I have a bug in one of my loops and I can't fix it. It is part of my HW assignment for school. I have an array, with 20 elements, and I need to multiply every element by 2, using bit shift. It kind of works, but every time I have a carry, it is adding 2 to the previous element in the array, instead of one. I can't propagate the carry through the array properly. This is my first semester with assembly, so I appreciate your help. Also, please keep it simple if you can.
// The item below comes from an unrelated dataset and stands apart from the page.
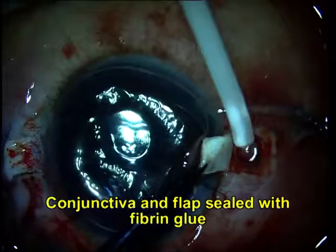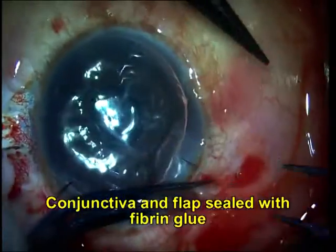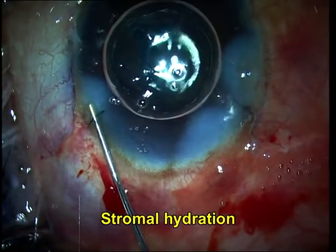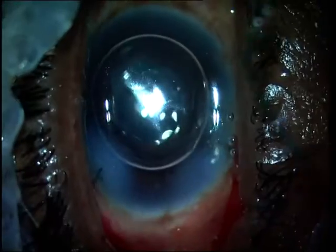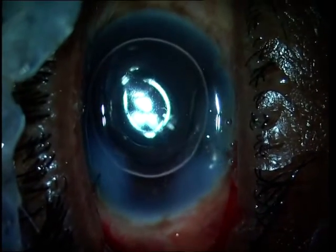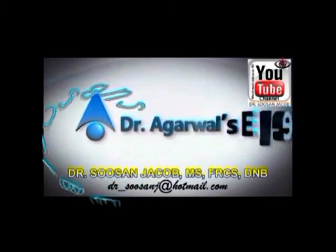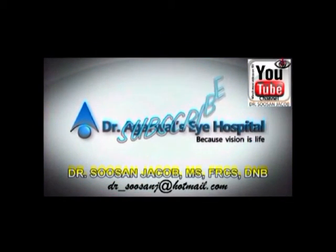I then inject IVTA into the anterior chamber to check for any vitreous within the anterior chamber, and once it is confirmed that this is not the case, you can go ahead and seal the flap and the conjunctiva with fibrin glue. Stromal hydration is then done and that is the end of the case. I do hope this video was useful — thank you so much for watching.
Thank you.

This is what I want: 0000000009 ==> 0000000018 0000000099 ==> 0000000198

This is what I am getting. 0000000009 ==> 0000000028 0000000099 ==> 00000002108

Here is the code.

ARR1	DB 20 DUP (0)

MULTIPLYING PROC
	MOV AX, 0
	MOV CX, 19
	.WHILE CX != 0
				MOV DI, CX
				MOV AL, [DIGIT_ARR1+DI]
				;MOV BL, 2
				;MUL BL
				SHL AX, 1 
				.IF AX > 9		; IF THE NEW DIGIT IS LARGER THAN 9
					SUB AX, 10
					MOV AH, 0 
					MOV [DIGIT_ARR1+DI], AL 
					DEC DI
					ADD [DIGIT_ARR1+DI], 1
				.ELSEIF
					MOV [DIGIT_ARR1+DI], AL	; IF IT IS LESS THAN 9, THEN JUST INSERT IT BACK INTO THE ARRAY
				.ENDIF
		DEC CX
	.ENDW	
	RET
MULTIPLYING ENDP

Answer 1

So it turned that Phil was correct. I was rewriting my own data. The trick was to read the value, do the multiplication using bit shift, add the carry (if any) and only then write back to the array. This way I can multiply each element, by two and not corrupt my data.

NOTE FOR BEGINNERS LIKE ME: bit shift will only multiply by two, so if you need to multiply by something else, use mul or imul. Also, bit shift to the right will divide by two. The loop below will multiply BCD in array by two. Division works the same way, only make sure you process the array the other way and add 10 to each next digit when you have a carry. You will also have to make sure you don't add the carry once you reach the end of the array. Assembly language doesn't check if you are out of bounds of the array.

MULTIPLYING PROC
	PUSH CX 
	PUSH AX
	MOV CARRY, 0                ; START WITH EMPTY CARRY FLAG
	MOV CX, 19                  ; ARRAY SIZE
	.WHILE CX > 0
		MOV DI, CX              ; GET ELEMENT ADDRESS
		MOV AL, [ARR1+DI]		; READ THE ELEMENT
		SHL AL, 1               ; DOUBLING THE DIGIT
		ADD AL, CARRY           ; ADD THE CARRY FLAG
		MOV CARRY, 0            ; CLEAR THE CARRY FLAG
		.IF AL > 9		        ; IF THE NEW DIGIT IS LARGER THAN 9
			SUB AL, 10
			MOV CARRY, 1 	    ; SET CARRY FLAG
			MOV [ARR1+DI], AL 	; INSERTING THE DOUBLED DIGIT BACK TO THE ARRAY
		.ELSEIF
			MOV [DIGIT_ARR1+DI], AL	   ; IF IT IS LESS THAN 9, INSERT IT BACK INTO THE ARRAY
			MOV CARRY, 0 
		.ENDIF
		DEC CX
	.ENDW	; END OF MULTIPLICATION PROC
	POP AX
	POP CX
	RET
MULTIPLYING ENDP

Answer 2

I think the problem is that you're writing back to the same array of addresses that you're reading from. When you carry, it is corrupting the calculation.

e.g. From: 99

Positon 19 = 9
9*2 = 18 (set position 19 to 8, increment position 18 to 10)
Position 18 = 10
10*2 = 20 (set position 18 to 10, increment position 17 to 1)
Position 17 = 1
1*2 = 2 (set position 17 to 2)
Result: 2108

But you still need to do more work because even with empty destination addresses you get

Positon 19 = 9
9*2 = 18 (set position 19 to 8, increment position 18 to 1)
Position 18 = 9
9*2 = 18 (set position 18 to 8, increment position 17 to 1)
Position 17 = 1
1*2 = 2 (set position 17 to 2)
Result: 288

You need to add the 8 to the 1 at position 18 so you get 9. And you dont do a 3rd multiplication because position 17 is empty in the source address array. I hope this makes sense.

You shouldn't get any digit overflow errors when multiplying by 2 like this, but you may need to handle it when multiplying by larger numbers.